Finding Way Under River

Finding A Way Under The River

Finding Way Under RiverNothing displays the benefits and capabilities of directional drilling better than a river crossing. While these crossings have become commonplace over the last 15 years, they still present distinct challenges for drill operators and equipment. Difficult soil conditions under river bottoms and hydrostatic pressure from the river itself can combine to create problems during drilling applications. The drill rig seizing during product pullback, a condition often referred to as hydrolock, is one potential problem. Utilizing a pipe ramming tool during pullback is how one Minnesota contractor solved this problem.

Hugo, Minnesota based Lessard-Nyren was recently contracted to install 600 feet of 6-inch pipe under the Sauk River on the Northern side of St. Cloud, MN. The first contractor failed to complete the pilot bore under the river in extremely rocky and sandy soil conditions. Lessard-Nyren accepted the challenge.

Using an Advantage 8000 directional drill rig with 80,000 lbs. of pullback, the Lessard-Nyren crew was able to complete a pilot bore under the river. On the other side, the crew attached a 14-inch back reamer and attempted to pull back 6-inch HDPE SDR 11. Once in place, the pipe would house 3 innerducts for fiber optic cable.

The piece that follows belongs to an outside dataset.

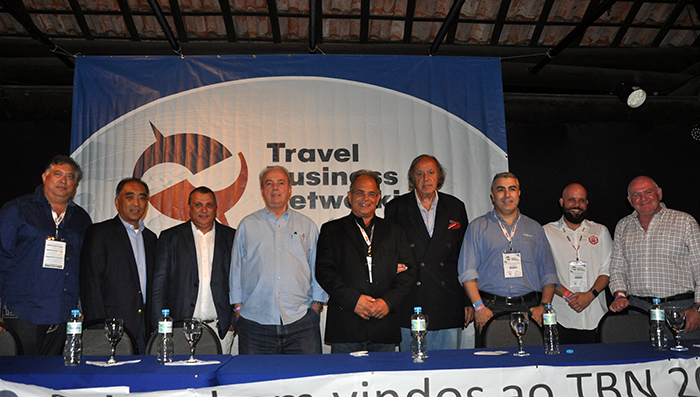Ricardo Lopes com autoridades na abertura do evento Ricardo Lopes com autoridades na abertura do evento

The crew pulled the HDPE approximately 400 feet before it seized in the rocky soil. The Advantage rig was powerful enough to pull the SDR 11 pipe apart. Crew supervisor Greg Jungwirth re-evaluated the job and decided to employ a different strategy. Jungwirth believed the crossing could be completed using a pneumatic pipe ramming tool to assist during product pullback. He turned to Mike Tjader and pipe ramming tool manufacturer TT Technologies, Aurora, Illinois, for technical support.

Tjader explains, “Seized drill stems or product pipe can often be freed by using a pipe ramming tool. The tool is attached to the end of the product pipe and when pullback slows or stops, the tool is started. The percussive action of the rammer helps move the pipe through the difficult section.”

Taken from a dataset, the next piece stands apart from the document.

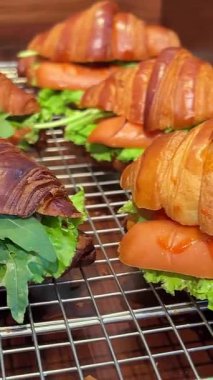 Lezzetli sosisli kruvasan ve kırpma yolu. Yüksek kalite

The Lessard-Nyren crew completed a second pilot bore parallel to the first. Again a 14-inch back reamer was attached and pullback began. This time the crew pulled 5-inch steel pipe and used a Grundoram Hercules pipe ramming tool from TT Technologies.

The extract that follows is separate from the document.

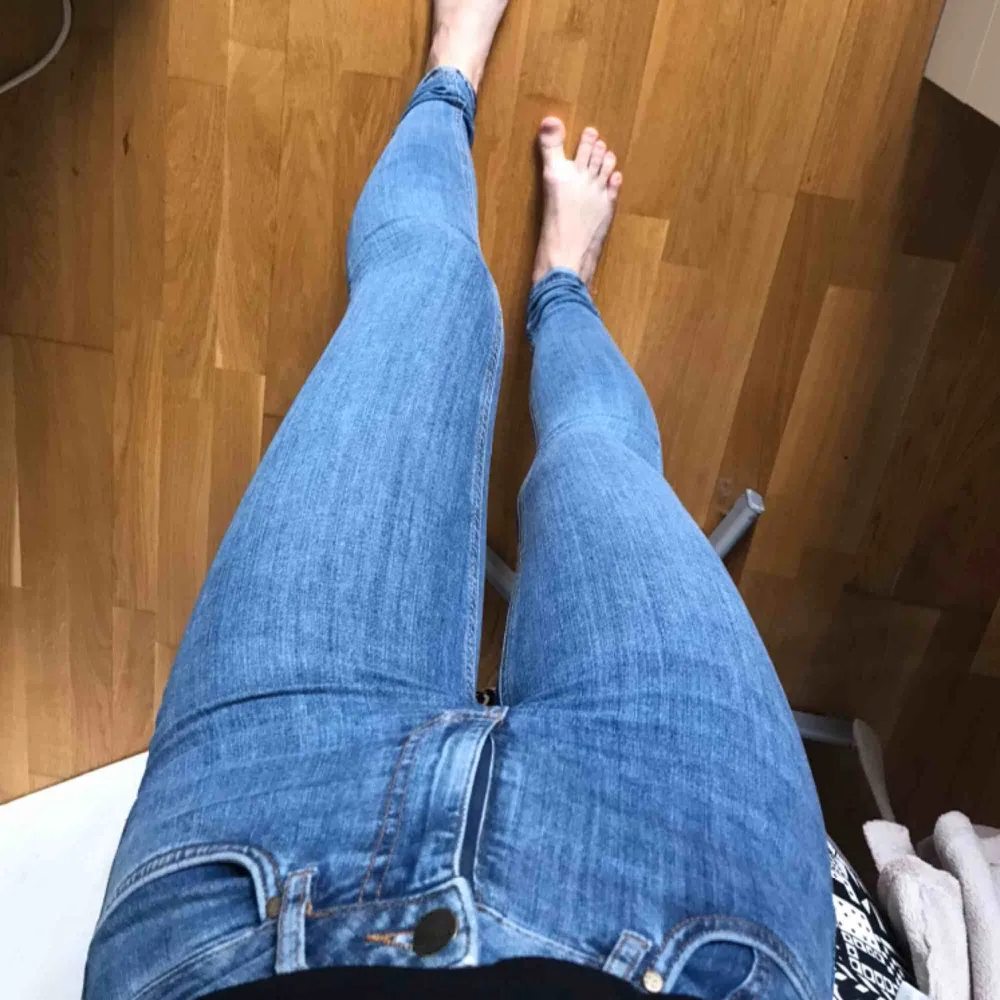 Supersnygga högmidjade jeans i modellen Hannah från Cubus! I princip oanvända. Strl 24/XS. Nypris 599kr. Jeans & Byxor.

The crew was able to pull the 5-inch steel pipe to within 200-ft of shore before the reamer wore out. Tjader said, “We tried to coordinate tapping with the rammer and pulling with the drill, but the reamer wasn’t cutting anymore. We decided to try and remove the pipe.”

Using the Grundoram Hercules, the crew rammed the pipe forward until they broke free of the drill. The rammer was then reversed and removed about 100 feet of the pipe. According to Tjader, the crew then attached a bracket to the pipe and pulled the remaining 300 feet out with a backhoe. Without the pipe attached, the crew was eventually able to complete the bore with the worn out reamer.

Using a different reamer, the Lessard Nyren crew set out for a third attempt. Tjader said, “In order to avoid damage to the product pipe, we decided to set a pull limit of 40,000 lbs. When we reached that level, we would start the pipe ramming tool to help with the pullback.”

The crew followed the last bore path. Once on the other side, they attached a new 15-inch reamer and began pulling back the 5-inch steel pipe. Tjader said, “We got about half way through the 600-ft run before the pulling tension reached 40,000 lbs. We started the Hercules and tapped on the pipe. We ran the hammer at 35% power for about 4 feet, until the pipe loosened up. We continued that way for the last several hundred feet, until completing the pullback.”

The crew was extremely pleased by the results. Tjader said, “I guess third time’s a charm. It was a tough job. It took a lot of patience and know-how on Lessard-Nyren’s part. A little help from the pipe rammer didn’t hurt either.”